It is argued that the power in subsection (b) to 'immediately set requirements that must be complied with' includes the authority not only to compel employee compliance with the fundamental prohibitory rule of subsection (a), but also to compel action by both the Employer and the Union to resolve the dispute which appears to have occasioned the employee unrest--including, as in this case, an order for mandatory arbitration for which there is no express basis anywhere in c. 150E. We agree with the trial judge that the natural reading of subsection (b) is otherwise. It is not an independent provision or a global one. It is tied to subsection (a) and confers the specific power on the Commission immediately to set requirements to be complied with by the offending party which will eliminate the violation and which may be enforced in case of further violation by resort to the Superior Court.

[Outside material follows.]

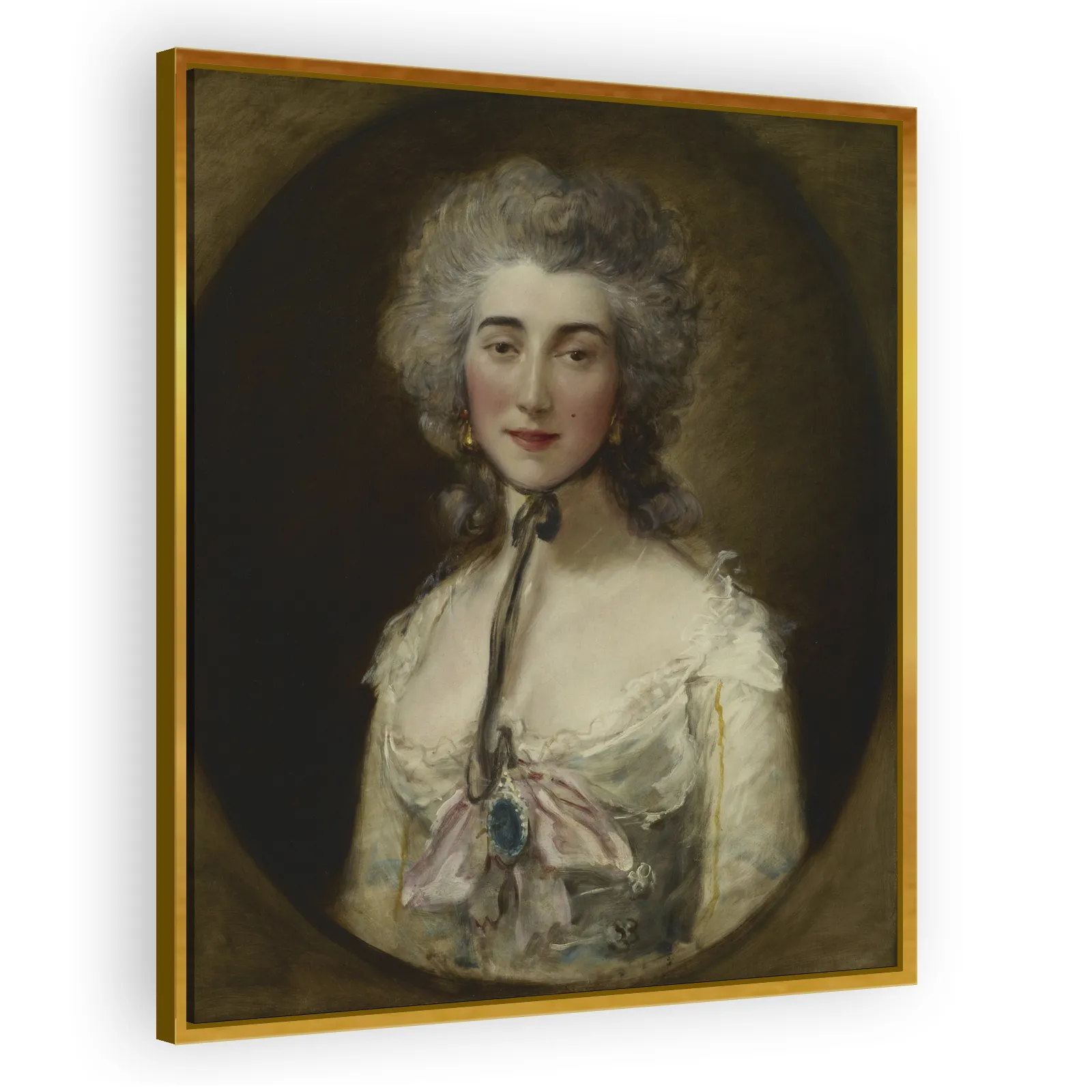 Grace Dalrymple Elliott by Thomas Gainsborough - view 3 thumbnail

If there is unclarity in the text of § 9A(b), 5 it is much relieved, we think by an examination of its legislative history. The language about setting requirements can be traced to a bill (1973 House Doc. No. 6194, app. B) drafted by a special commission, with Senator George Mendonca as chairman, created to recommend changes in the statute governing labor relations in the public sector. See Res.1969, c. 97; 1971, c. 24. This bill 6 and two others that followed 7 departed from the traditional absolute prohibition of strikes by public employees (see Hansen v. Commonwealth, 344 Mass. 214, 181 N.E.2d 843 (1962)) and would have allowed public employees to strike if during contract negotiations an impasse continued after mediation and fact-finding stages. To meet the dangers that might arise in such situations, there was provision that if a strike endangering the public health or safety was 'occurring, or about to occur,' the public employer could petition the Labor Relations Commission to make an investigation, and '(i)f the Commission finds that there is imminent or present danger to the health and safety of the public, the Commission shall set requirements that must be complied with to avoid or remove any such imminent or present danger.' 1973 House Doc. No. 6194, app. B, § 9(c)(4). This seems clearly to mean that the Commission could specify standards that must be met by the public employees, such as maintaining a skeletal force to stay on the job, so that the...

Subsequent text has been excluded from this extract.